Nothing but the lines from the one with "kody ˚. ⟡ ݁˖ ་༘࿐ tweet media" through the end of the records may appear in the answer, each reproduced exactly, pictures omitted.

▶ Material for the task:

§

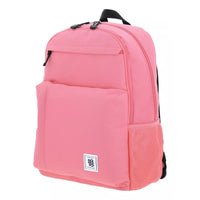 Mochila Chenson Juvenil Escolar Porta Lap WynnGo 1865952-P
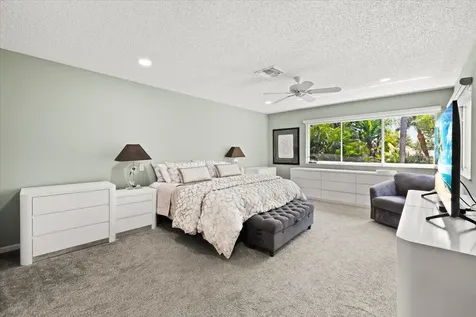 7338 Woodmont Court Boca Raton FL 33434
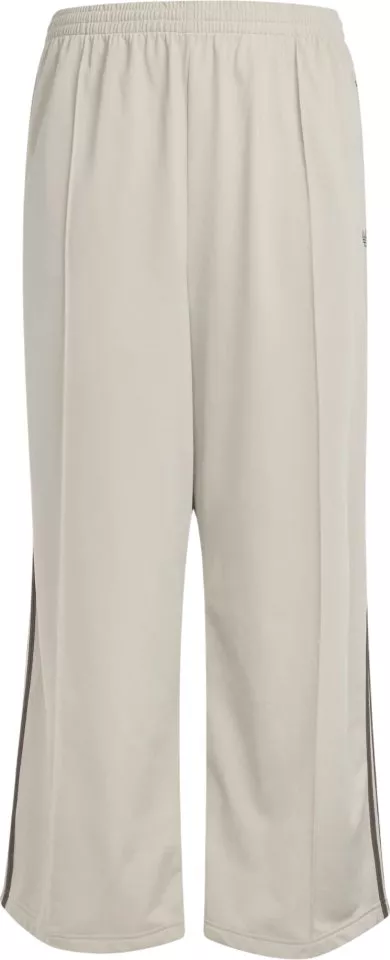 Hlače adidas Originals Firebird Loose Women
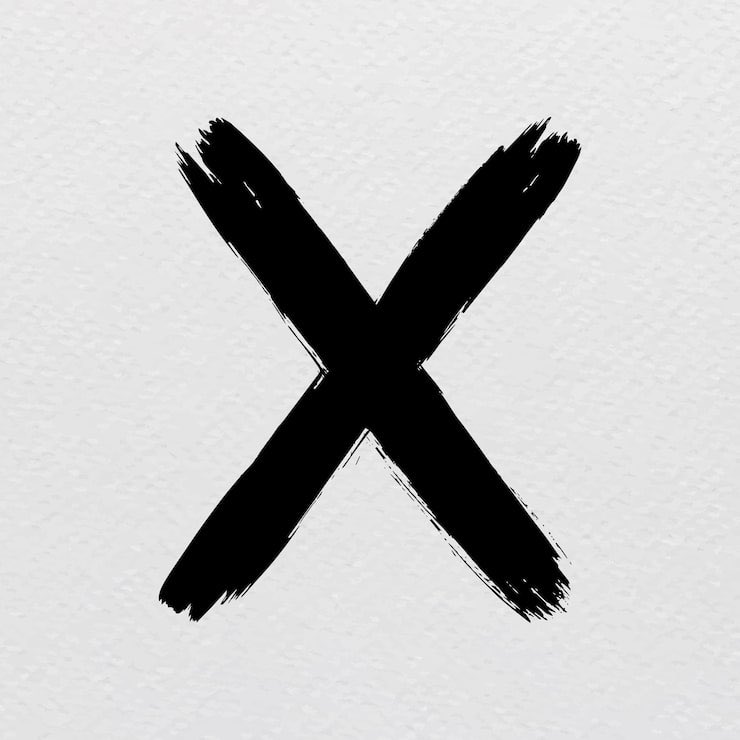 ִֶָ. ..𓂃.𖥔 ݁ ˖⋆ kako / kody ˚. ⟡ ݁˖ ་༘࿐ tweet media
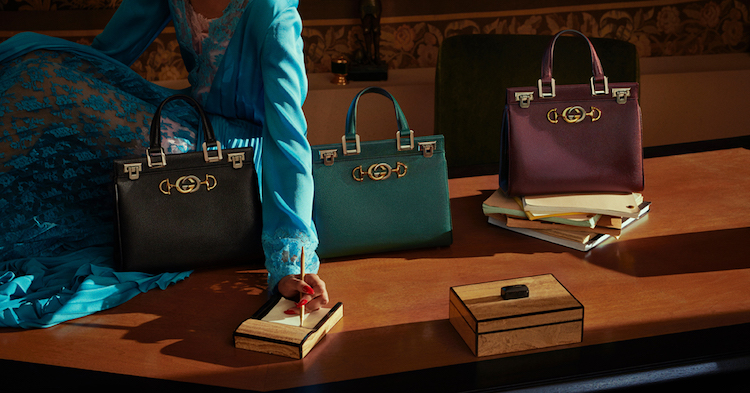 Ů؍I(mi) 2019GucciI(mi)@(f)ſ-10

§

▶ Response:
 ִֶָ. ..𓂃.𖥔 ݁ ˖⋆ kako / kody ˚. ⟡ ݁˖ ་༘࿐ tweet media
 Ů؍I(mi) 2019GucciI(mi)@(f)ſ-10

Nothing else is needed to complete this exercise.